Internal alignment is another challenge. As projects move through different departments, ideas can become diluted, losing their original strength. Furthermore, innovation projects can sometimes get caught in internal optimism bias. Sunita explains, “When a team has spent months or even years developing a product, they naturally become emotionally invested, which can make the team blind to market realities.”
Even when a product reaches the market, it relies on strong retailer support. If distribution isn’t secured early on, the product may fail before it has a chance to succeed. “Distribution support can be pulled away at the last minute, especially if the core brand isn’t performing well. If a retailer decides not to support an innovation as expected, it significantly reduces its chances of success,” Sunita says.
Lastly, technical constraints sometimes dilute an innovation. “A product may start with a compelling idea, but by the time it reaches the market, compromises in ingredients, packaging, or production might make it less exciting to consumers.”
“When a team has spent months or even years developing a product, they naturally become emotionally invested, which can make the team blind to market realities.”
The role of sustainability in innovation
Sustainability is a non-negotiable for innovation. “It’s almost impossible to justify an innovation that doesn’t align with sustainability goals. While many companies actively communicate sustainability, we’ve reached a stage where consumers expect it as a baseline,” Sunita shares. An interesting point she highlights, though, is that consumers have started to conflate sustainability with quality. “Many premium brands highlight their sustainability credentials, which has led to a subconscious association between eco-friendly and premium.”
Nevertheless, sustainability claims on packaging have become a standard, and consumers might only notice it if it’s missing. “Sustainability is becoming a hygiene factor; it won’t necessarily drive sales on its own, but if a brand isn’t sustainable, it can lose relevance.

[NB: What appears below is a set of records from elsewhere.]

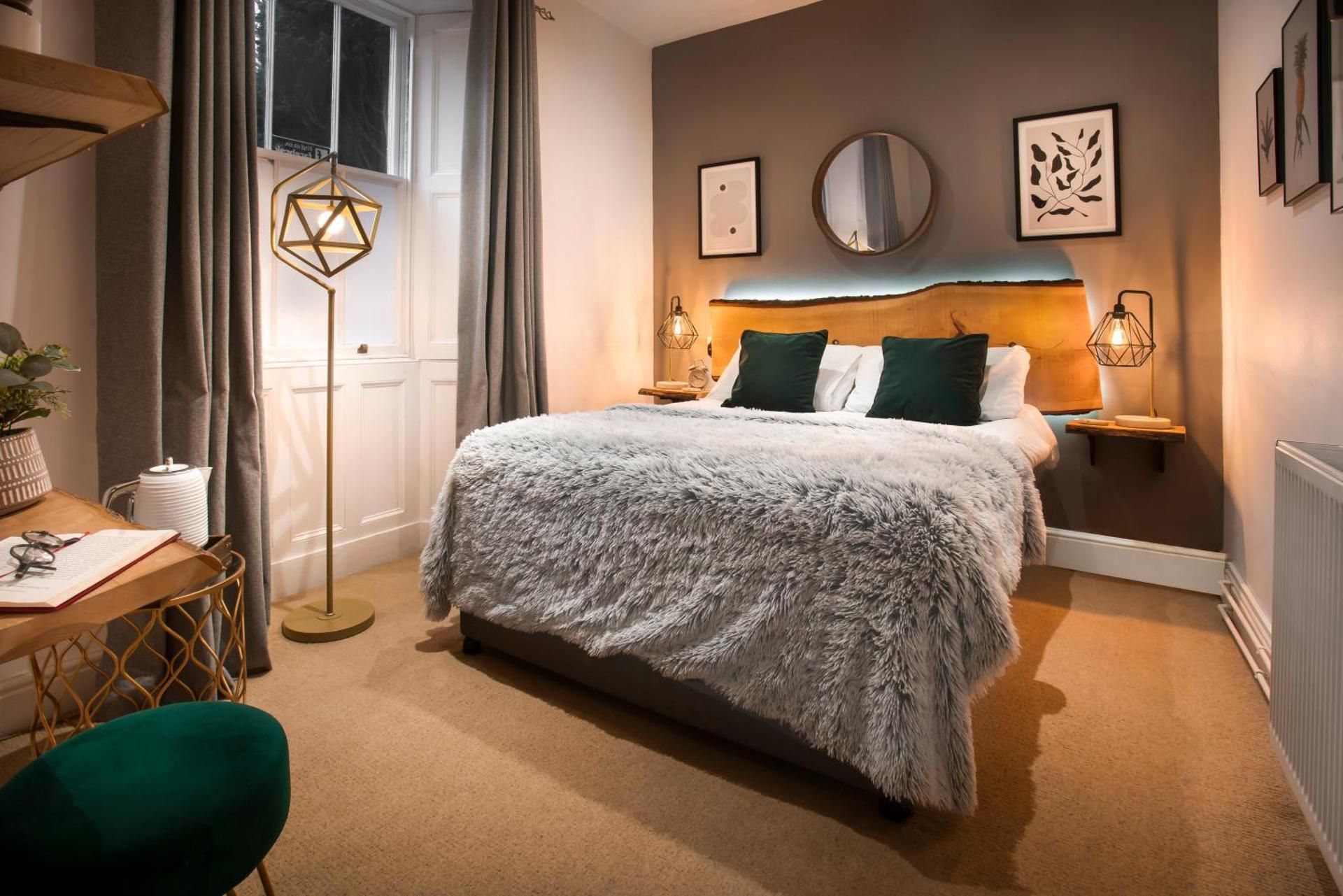 Double Room with Private External Bathroom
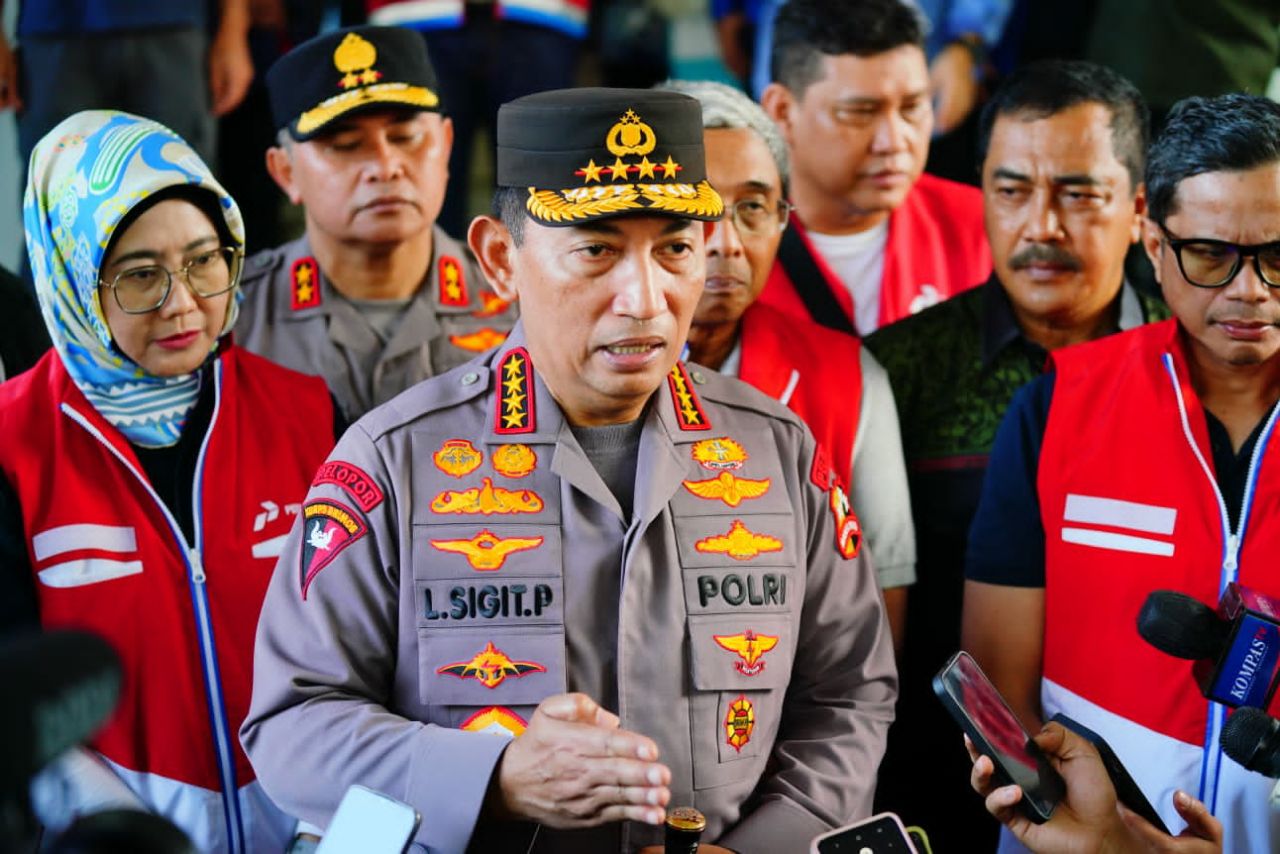 Kapolri Jenderal Listyo Sigit Prabowo meninjau lokasi kebakaran Depo Pertamina (Foto: Humas Polri)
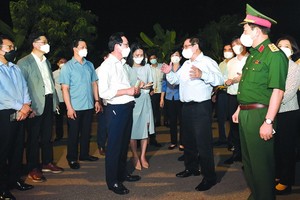 政府總理范明政親往探望安豐工業區的三星生產工廠。（圖源：VGP）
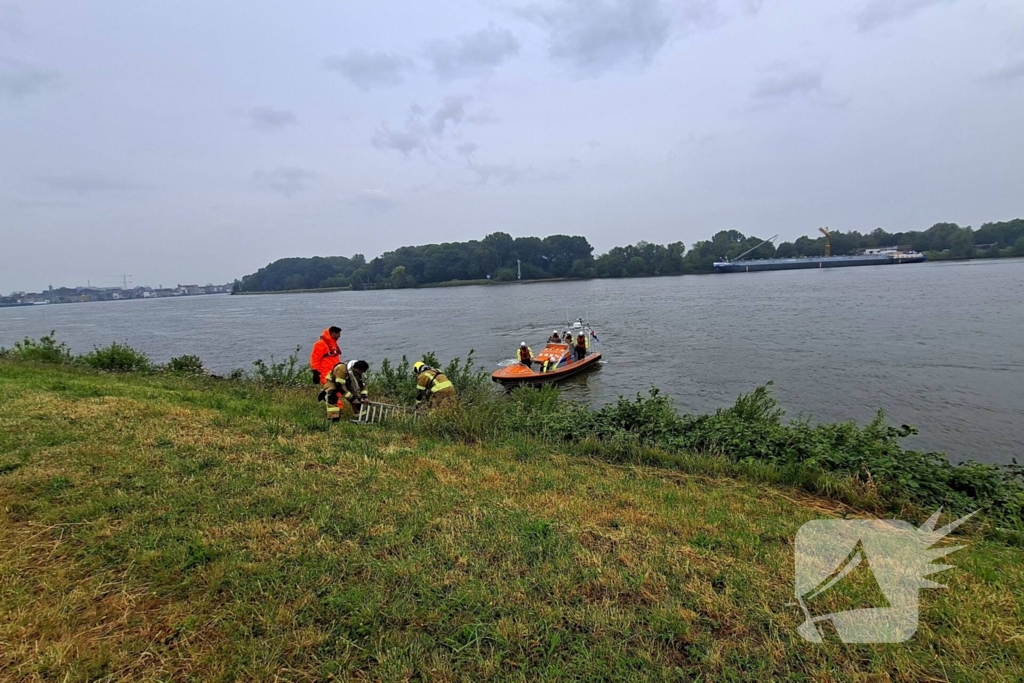 Duikers zoeken naar auto in rivier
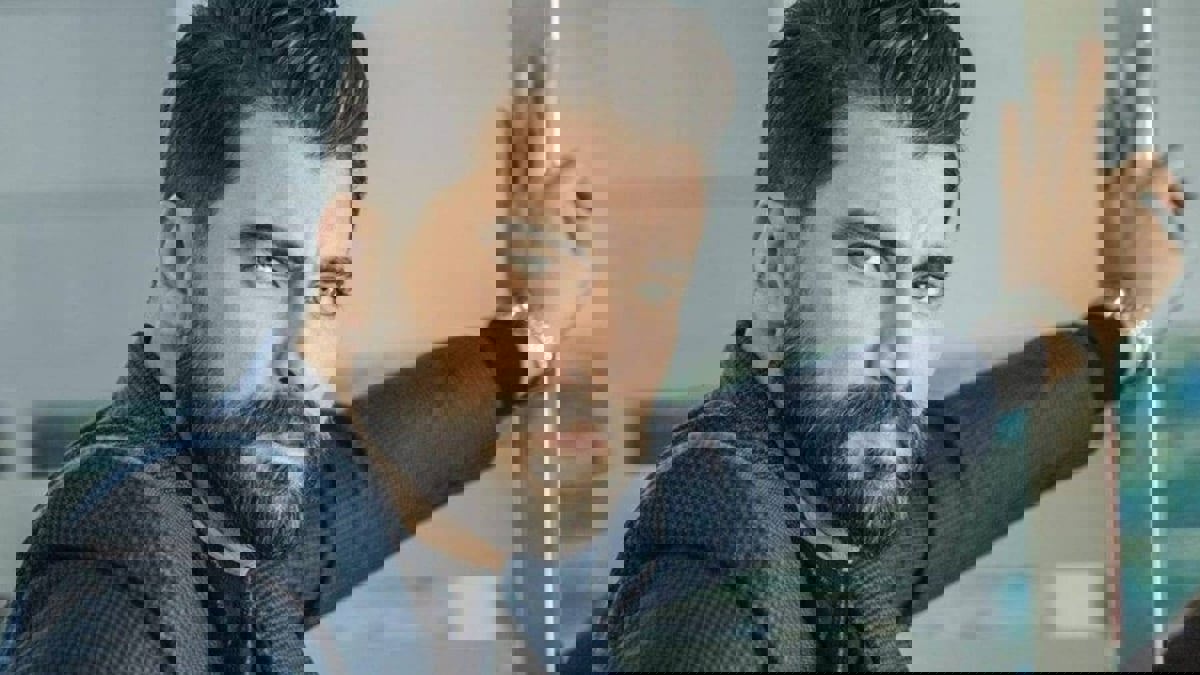 معتصم النهار "يقص" صورة طليقته خلال لقاء عائلي بميسي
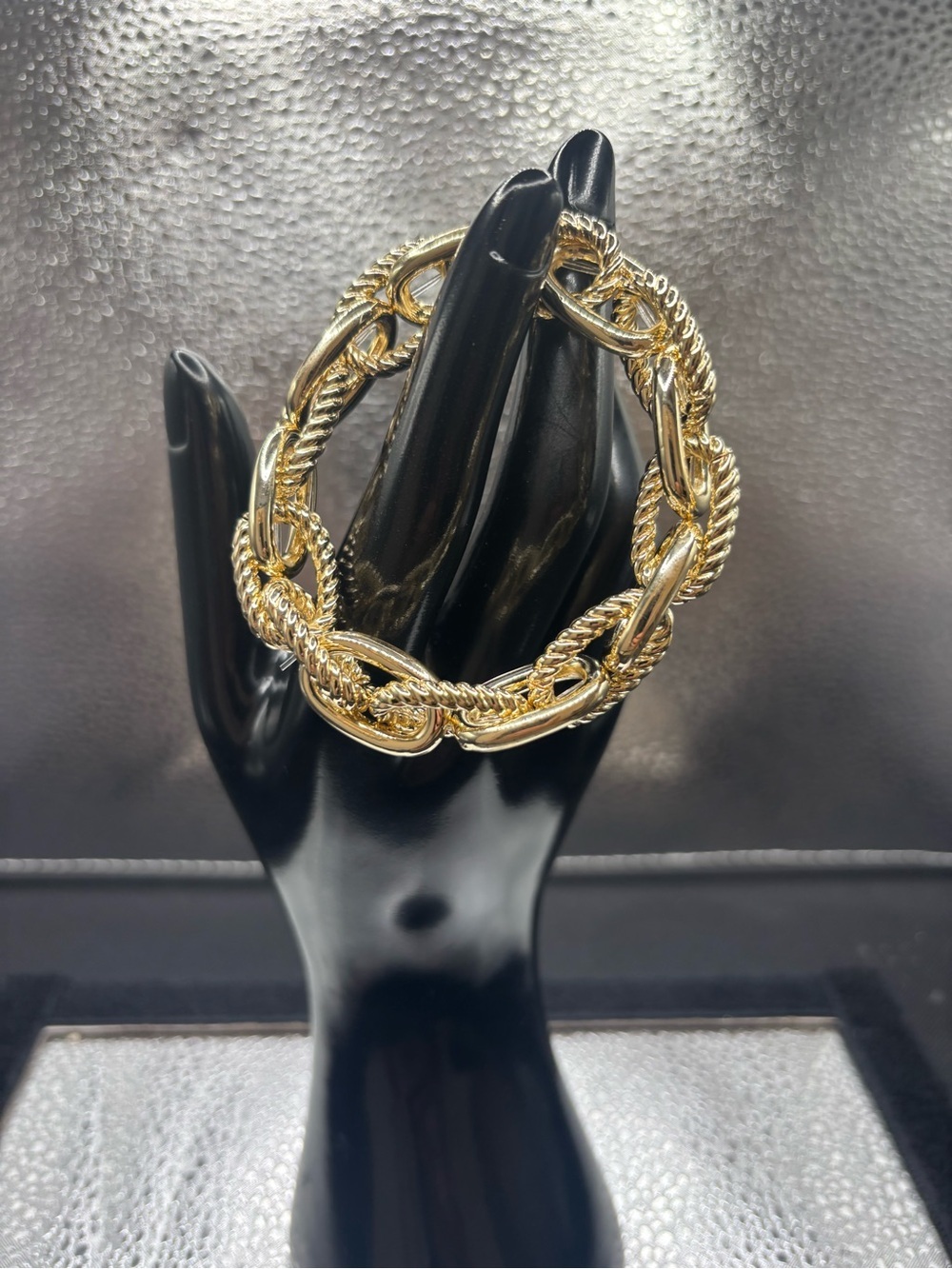 Gold Link Chain Bracelet - Elegant Women’s Fashion Jewelry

That’s why many companies focus on making their portfolios more sustainable overall, even if they don’t always highlight it in consumer-facing communications.”
“Sustainability is becoming a hygiene factor; it won’t necessarily drive sales on its own, but if a brand isn’t sustainable, it can lose relevance.”
AI’s In Innovation and Insights
Lastly, Sunita briefly touches upon the topic of AI and innovation. While AI is already transforming market research, consumer insights, and product testing, with, for example, helping brands test visual impact and shelf visibility more efficiently, Sunita raises the concern about AI-generated “synthetic respondents”. However, as technology advances, this could become a game-changer for consumer testing.
Another area that Sunita sees AI has great potential in is also concept refinement, “AI might not be great at coming up with entirely new concepts, but it can help with naming, positioning, and optimising the way ideas are communicated,” she says. Nevertheless, AI has yet to fully replace human creativity in innovation. “Most new product ideas still come from experienced teams, not algorithms,” she concludes.